Oh, one more bit of advice: Founding pie club, a total loser.
The anti 800 rhetoric- such as it is- is targeted to the kid whose parents are making him or her take the SAT for the 6th time to move that 790 to an 800. And they are making a point that a kid who has even a rudimentary understanding of statistics should understand- that the 790 won’t keep you out, and the 800 won’t get you in.
Why does this bother you so much Quant? This is both true and transparent, both of which you advocate for.
You are probably correct about the anti-800 rhetoric now, blossom. However, I remain convinced that the anti-800 rheotoric in the past revealed not only a distaste for applicants who thought that their 800’s would get them in, or for applicants who took 6 tries to get to 800, but a more general distaste for any applicant who scored 800’s regardless of the circumstances. This situation did not last for many years, but it prevailed for more than one. I printed out some of the MIT admissions posts, blog posts, and CC posts by the bloggers a little over a decade ago, and this distaste was palpable when it was present.

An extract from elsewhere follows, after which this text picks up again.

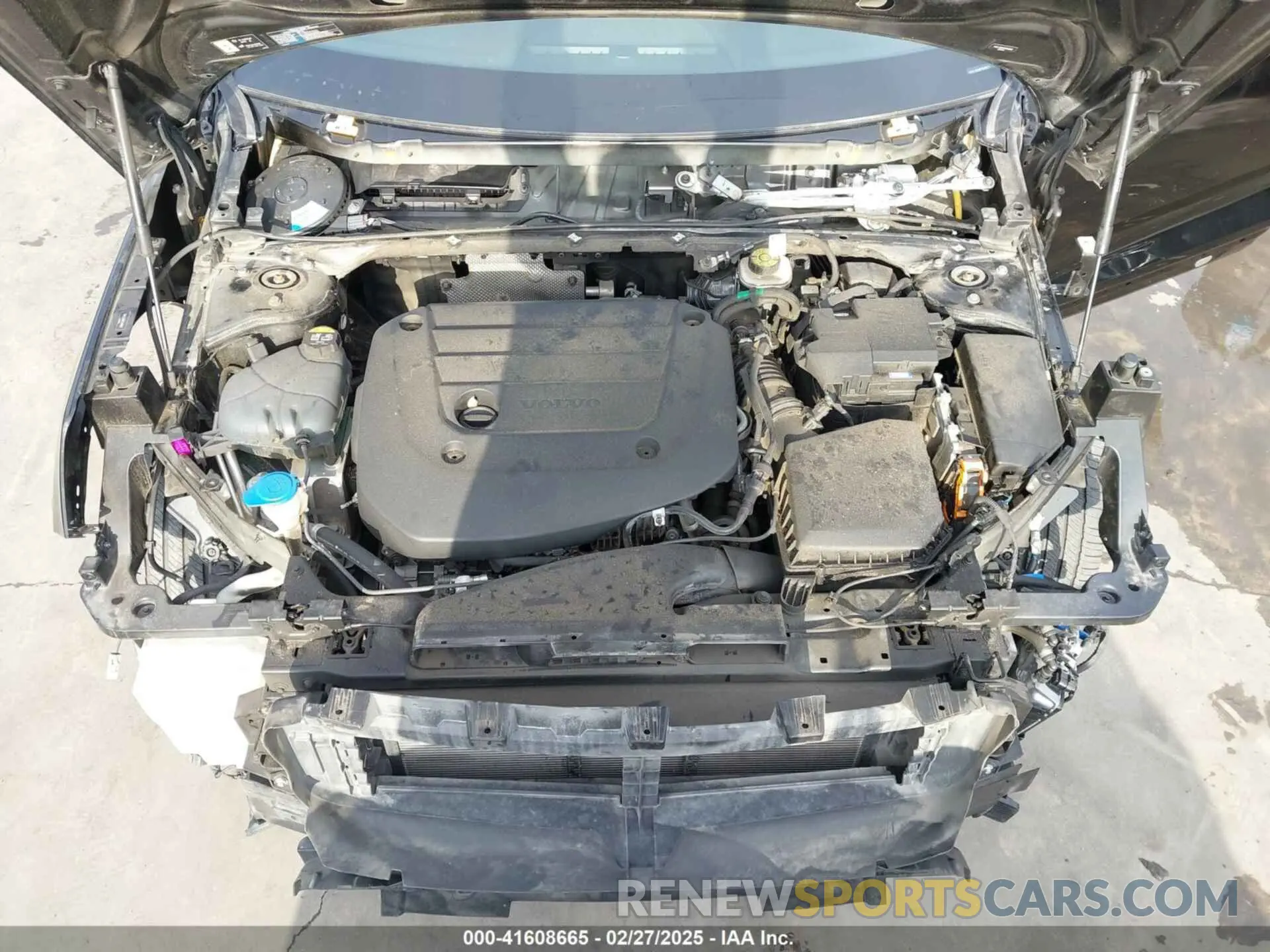 10 Фотография поврежденного автомобиля YV4L12UN9P2949683 VOLVO XC40 2023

LOL. Maybe my son got too many 800s for MIT! It’s all water under the bridge - he had a great four years at CMU and that particular admissions director was fired for lying about her resume.
I think it’s misleading to confuse kids or parents with anything that hints a first try 800 is a liability. Even on a thread that’s 80+ posts in. People lurk.
No, just top scores isn’t enough. But it was phrased, “who just walks into an SAT testing locale and comes out with double 800s (or quintuple 800s) without multiple takes, tutors, or extensive prepping.”
If that were so, it would exclude a lot of bright kids who do have the rest.
We should be careful with some sorts of speculative sidebars or one’s impressions from the way past.
@mathmom good way to look at it! Duke was just intimidated by how smart my S was! Lol!
He is happy where he is now. But he is now acutely aware of the difference between smart, wicked smart, off the charts, and the kids who are “the total package”. He always says he thinks he is not even top 50% smart at UMich.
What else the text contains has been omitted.